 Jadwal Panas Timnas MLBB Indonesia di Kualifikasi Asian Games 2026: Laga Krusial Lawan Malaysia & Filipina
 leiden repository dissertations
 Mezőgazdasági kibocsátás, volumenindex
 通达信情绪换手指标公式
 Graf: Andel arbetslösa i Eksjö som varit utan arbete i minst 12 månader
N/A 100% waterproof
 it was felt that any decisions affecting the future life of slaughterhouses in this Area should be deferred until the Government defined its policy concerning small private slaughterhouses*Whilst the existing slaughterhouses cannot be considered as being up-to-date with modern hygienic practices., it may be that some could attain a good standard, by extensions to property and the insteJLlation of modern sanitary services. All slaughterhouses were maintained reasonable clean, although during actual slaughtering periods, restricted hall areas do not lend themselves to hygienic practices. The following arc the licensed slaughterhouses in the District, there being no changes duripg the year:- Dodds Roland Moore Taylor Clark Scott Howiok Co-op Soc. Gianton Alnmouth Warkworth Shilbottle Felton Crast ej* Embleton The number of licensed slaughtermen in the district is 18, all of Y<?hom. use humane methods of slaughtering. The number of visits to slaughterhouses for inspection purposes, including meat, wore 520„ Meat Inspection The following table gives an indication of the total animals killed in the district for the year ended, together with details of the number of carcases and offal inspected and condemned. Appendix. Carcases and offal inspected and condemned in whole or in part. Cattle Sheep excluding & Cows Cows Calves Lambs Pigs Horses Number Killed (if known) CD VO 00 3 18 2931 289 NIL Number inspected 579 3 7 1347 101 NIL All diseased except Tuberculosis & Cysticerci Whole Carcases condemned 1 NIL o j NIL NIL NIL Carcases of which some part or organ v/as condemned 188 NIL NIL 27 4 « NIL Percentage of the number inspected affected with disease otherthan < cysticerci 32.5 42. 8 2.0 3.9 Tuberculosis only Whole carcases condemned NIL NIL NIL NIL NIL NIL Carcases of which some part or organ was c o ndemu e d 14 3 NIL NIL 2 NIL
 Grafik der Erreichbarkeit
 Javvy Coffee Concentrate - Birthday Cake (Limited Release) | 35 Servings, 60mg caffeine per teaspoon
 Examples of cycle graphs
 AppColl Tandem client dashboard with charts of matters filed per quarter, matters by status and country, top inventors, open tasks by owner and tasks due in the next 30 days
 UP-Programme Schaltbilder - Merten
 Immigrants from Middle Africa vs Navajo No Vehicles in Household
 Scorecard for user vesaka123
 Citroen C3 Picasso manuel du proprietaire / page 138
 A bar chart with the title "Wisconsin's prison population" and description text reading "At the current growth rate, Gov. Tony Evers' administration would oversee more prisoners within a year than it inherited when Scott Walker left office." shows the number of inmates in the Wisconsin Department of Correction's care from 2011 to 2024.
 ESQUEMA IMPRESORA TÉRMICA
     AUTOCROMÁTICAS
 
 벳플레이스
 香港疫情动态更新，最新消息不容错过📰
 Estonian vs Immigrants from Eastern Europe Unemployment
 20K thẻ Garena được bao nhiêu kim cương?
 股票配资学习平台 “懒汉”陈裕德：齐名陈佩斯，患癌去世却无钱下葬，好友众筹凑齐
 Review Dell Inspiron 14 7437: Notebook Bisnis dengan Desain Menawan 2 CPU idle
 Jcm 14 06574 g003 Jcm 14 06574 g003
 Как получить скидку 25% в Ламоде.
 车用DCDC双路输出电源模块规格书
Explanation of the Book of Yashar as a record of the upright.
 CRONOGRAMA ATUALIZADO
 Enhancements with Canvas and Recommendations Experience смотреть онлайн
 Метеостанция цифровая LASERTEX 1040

-.-.-

Would you repeat all of the data above, word for word?

* **RESULT**
 Jadwal Panas Timnas MLBB Indonesia di Kualifikasi Asian Games 2026: Laga Krusial Lawan Malaysia & Filipina
 leiden repository dissertations
 Mezőgazdasági kibocsátás, volumenindex
 通达信情绪换手指标公式
 Graf: Andel arbetslösa i Eksjö som varit utan arbete i minst 12 månader
N/A 100% waterproof
 it was felt that any decisions affecting the future life of slaughterhouses in this Area should be deferred until the Government defined its policy concerning small private slaughterhouses*Whilst the existing slaughterhouses cannot be considered as being up-to-date with modern hygienic practices., it may be that some could attain a good standard, by extensions to property and the insteJLlation of modern sanitary services. All slaughterhouses were maintained reasonable clean, although during actual slaughtering periods, restricted hall areas do not lend themselves to hygienic practices. The following arc the licensed slaughterhouses in the District, there being no changes duripg the year:- Dodds Roland Moore Taylor Clark Scott Howiok Co-op Soc. Gianton Alnmouth Warkworth Shilbottle Felton Crast ej* Embleton The number of licensed slaughtermen in the district is 18, all of Y<?hom. use humane methods of slaughtering. The number of visits to slaughterhouses for inspection purposes, including meat, wore 520„ Meat Inspection The following table gives an indication of the total animals killed in the district for the year ended, together with details of the number of carcases and offal inspected and condemned. Appendix. Carcases and offal inspected and condemned in whole or in part. Cattle Sheep excluding & Cows Cows Calves Lambs Pigs Horses Number Killed (if known) CD VO 00 3 18 2931 289 NIL Number inspected 579 3 7 1347 101 NIL All diseased except Tuberculosis & Cysticerci Whole Carcases condemned 1 NIL o j NIL NIL NIL Carcases of which some part or organ v/as condemned 188 NIL NIL 27 4 « NIL Percentage of the number inspected affected with disease otherthan < cysticerci 32.5 42. 8 2.0 3.9 Tuberculosis only Whole carcases condemned NIL NIL NIL NIL NIL NIL Carcases of which some part or organ was c o ndemu e d 14 3 NIL NIL 2 NIL
 Grafik der Erreichbarkeit
 Javvy Coffee Concentrate - Birthday Cake (Limited Release) | 35 Servings, 60mg caffeine per teaspoon
 Examples of cycle graphs
 AppColl Tandem client dashboard with charts of matters filed per quarter, matters by status and country, top inventors, open tasks by owner and tasks due in the next 30 days
 UP-Programme Schaltbilder - Merten
 Immigrants from Middle Africa vs Navajo No Vehicles in Household
 Scorecard for user vesaka123
 Citroen C3 Picasso manuel du proprietaire / page 138
 A bar chart with the title "Wisconsin's prison population" and description text reading "At the current growth rate, Gov. Tony Evers' administration would oversee more prisoners within a year than it inherited when Scott Walker left office." shows the number of inmates in the Wisconsin Department of Correction's care from 2011 to 2024.
 ESQUEMA IMPRESORA TÉRMICA
     AUTOCROMÁTICAS
 
 벳플레이스
 香港疫情动态更新，最新消息不容错过📰
 Estonian vs Immigrants from Eastern Europe Unemployment
 20K thẻ Garena được bao nhiêu kim cương?
 股票配资学习平台 “懒汉”陈裕德：齐名陈佩斯，患癌去世却无钱下葬，好友众筹凑齐
 Review Dell Inspiron 14 7437: Notebook Bisnis dengan Desain Menawan 2 CPU idle
 Jcm 14 06574 g003 Jcm 14 06574 g003
 Как получить скидку 25% в Ламоде.
 车用DCDC双路输出电源模块规格书
Explanation of the Book of Yashar as a record of the upright.
 CRONOGRAMA ATUALIZADO
 Enhancements with Canvas and Recommendations Experience смотреть онлайн
 Метеостанция цифровая LASERTEX 1040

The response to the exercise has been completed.